Data Structures#
The QArray is the backbone of the Qwix library. It serves as the fundamental
data structure that encapsulates quantized data (integers) alongside its
quantization parameters (scale and zero-point).
By wrapping these elements together, QArray allows quantized tensors to be
passed around and manipulated seamlessly, ensuring that the quantization
context is preserved throughout the computation graph.
- class qwix.QArray(qvalue: Array, scale: Array, zero_point: Array | None = None, qtype: str | type[Any] | dtype | SupportsDType = None)[source]#
A quantized array implementation with subchannel support.
- The following conditions hold:
qvalue.shape == original.shape
len(scale.shape) == len(original.shape)
len(scale.shape) == len(zero_point.shape)
To enable subchannel quantization, scale and zero_point can be “generic broadcasted” to original.shape, which means
all(o % s == 0 for o, s in zip(original.shape, scale.shape))
- original ≈ (qvalue - zero_point) * generic_broadcast(
scale, original.shape)
- qvalue#
The quantized value.
- Type:
jax.Array
- scale#
The scale used to quantize the value.
- Type:
jax.Array
- zero_point#
The quantization value that represents the exact floating-point value 0, or None if in symmetric quantization.
- Type:
jax.Array | None
- qtype#
The logical type of the qvalue, which could be different from the dtype used for storage in qvalue.

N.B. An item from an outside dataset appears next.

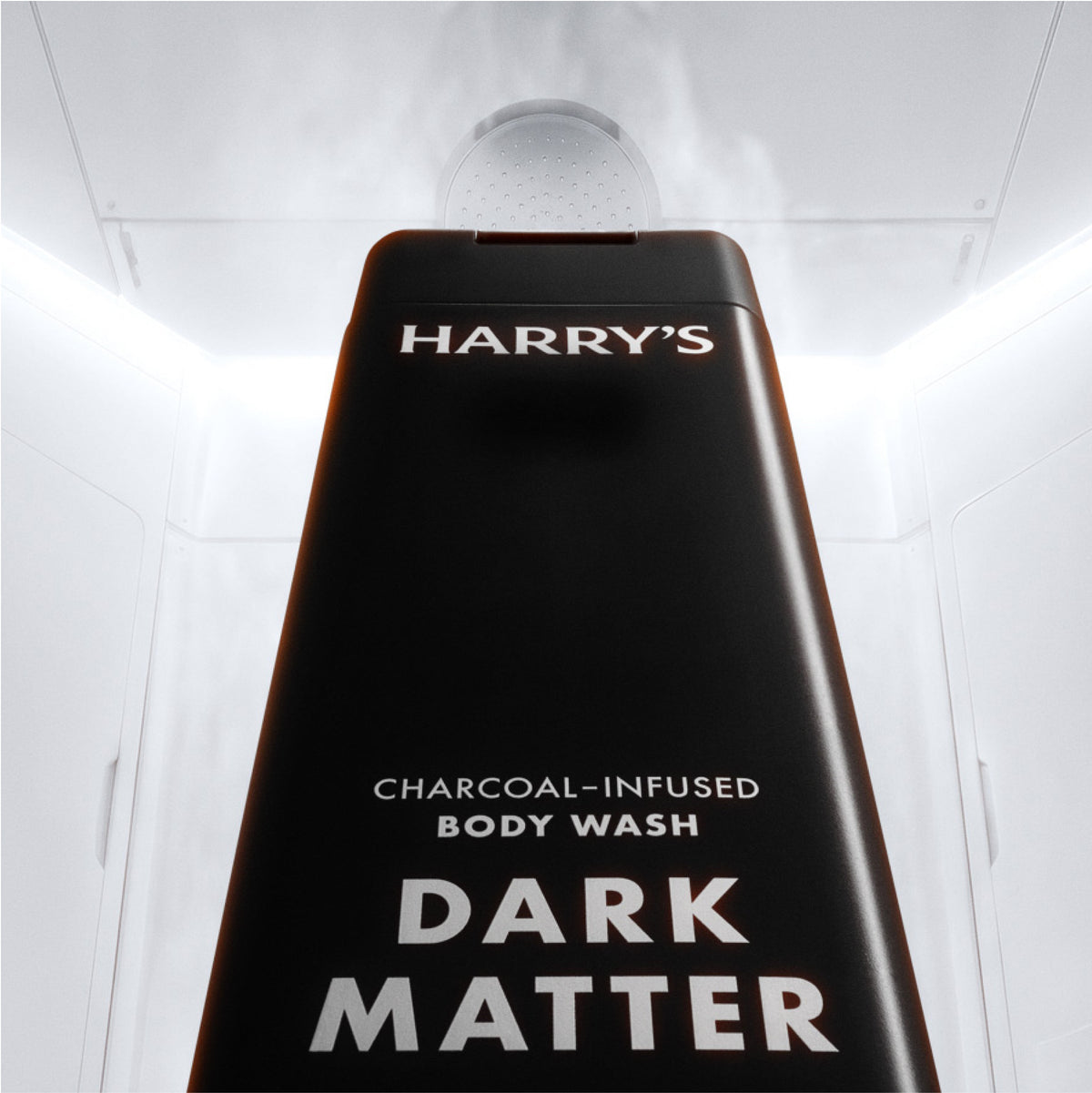 A tall black shower head body wash dispenser labeled HARRY'S CHARCOAL-INFUSED BODY WASH DARK MATTER, shown from a low angle inside a white shower cabin with steam rising from the top.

If None, the qvalue’s dtype will be used as the logical type.
- Type:
str | type[Any] | numpy.dtype | jax._src.typing.SupportsDType
- property T#
- astype(dtype: str | type[Any] | dtype | SupportsDType) QArray[source]#
Cast the dequant type to the given dtype.
- property dtype#
- property mT#
- property ndim#
- replace(**updates)#
Returns a new object replacing the specified fields with new values.
- property scale_tile_shape: tuple[int, ...]#
Returns the tile shape for the scale values.
- property shape#
- property zero_point_tile_shape: tuple[int, ...] | None#
Returns the tile shape for the zero point values.
- qwix.quantize(array: Array, qtype: str | type[Any] | dtype | SupportsDType, *, channelwise_axes: Collection[int] = (), tiled_axes: Mapping[int, int | float] | None = None, calibration_method: str = 'absmax', scale_dtype: str | type[Any] | dtype | SupportsDType | None = None) QArray[source]#
Quantize a Jax Array into QArray using a dynamic range.
This function exists as a public API to avoid constructing a HowToQuantize.
- Parameters:
array – The array to quantize.
qtype – The logical type of the quantized value, e.g. jnp.int8, jnp.int4, jnp.float8_e4m3fn, “nf4”, etc.
channelwise_axes – Channelwise axes have individual scales. This has the same effect as setting their tile sizes to 1 in tiled_axes.
tiled_axes – Tiled axes have blockwise scales, aka subchannel quantization. The value is a mapping from the tiled axis to the tile size. If the tile size is a float, it will be interpreted as “1 / tile_count” and the actual tile size will be round(axis_size * tile_size).
calibration_method – The calibration method to use. The format is “<method>[,<args>]”, e.g. “absmax” or “fixed,-10,10”.
scale_dtype – The dtype of the scale. If not given, the dtype will be the same as the array’s dtype. Note that the scale’s dtype decides the dequantized array’s dtype.
- Returns:
The quantized array.
- qwix.dequantize(array: QArray) Array[source]#
Dequantizes an array. The reverse of |quantize|.
- Parameters:
array – The quantized array to dequantize.
- Returns:
The dequantized array, whose dtype is the same as the scale’s dtype.